You’ve invested 25% of your capital in a stock that your analysis had predicted would increase.  Your expectations haven’t been supported, however.  The price has been steadily declining.  You think, “I did such a careful and detailed analysis.  I’ve spent a lot of time studying the fundamentals of this company.  I can’t believe it’s going down.”  At this point, you may hope that the position will reverse, and refuse to close it out.  It’s easier to keep it open than face the regret of a bad decision and accept the loss.  This is called the sunk cost effect:  A person increases one’s commitment to a losing position because a great deal of time, effort, and/or money has been spent.

 

The most obvious and blatant example of the sunk cost effect is when we have invested a large percentage of our capital in a losing position, and we don’t want to admit that we have lost what we have invested.  However, there are other, more subtle ways of experiencing the sunk cost effect.  Most people don’t consider them, but they may still influence investment decisions.

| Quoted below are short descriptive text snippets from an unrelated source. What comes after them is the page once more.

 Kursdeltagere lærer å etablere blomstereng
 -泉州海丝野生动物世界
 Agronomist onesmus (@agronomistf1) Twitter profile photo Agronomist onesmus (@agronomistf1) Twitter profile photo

The adage “time is money” illustrates how there are other ways to “lose money” by just putting in time and effort into an investment.  For example, let’s say that you study a particular company closely.  You read reports on the company’s fundamentals, and you follow the stock price daily, noting price changes that correspond to company announcements and significant events in the industry.  The more effort you expend on preparation and analysis, the greater the sunk costs you will experience.  There is a strong tendency to justify the time and effort you have expended. 

Why spend so much time and effort studying this company if you don’t plan to invest in it?  This tendency to want to justify your behaviour will gnaw at you. If you are not aware of it and are not trying to control it, you will tend to want to invest (long or short) in the stock, even when you know you should stay out, and wait for another opportunity.  It’s useful to be aware of this subtle effect.  Ask yourself, “Do I want to invest because I see a real opportunity or am I merely trying to justify the amount of effort I’ve put in?”  It’s important to be aware of how this subtle yet powerful influence can lead you to make a decision you will regret later.

Overcoming this subtle influence is difficult.  It’s a good idea to study companies closely and capitalize on an opportunity when one arises, but don’t overdo it.  Remember that expending too much effort has a subtle impact.  Try to overcome it.  Remind yourself that you don’t have to invest.  Your study and preparation will pay off big someday, but learn to wait for the right opportunity.

Be aware of both the subtle and blatant ways that the sunk cost effect can influence your behaviour.  Try to consider whether or not sunk costs are influencing your decisions.  Try to counteract them rationally, and prevent them from getting the best of you.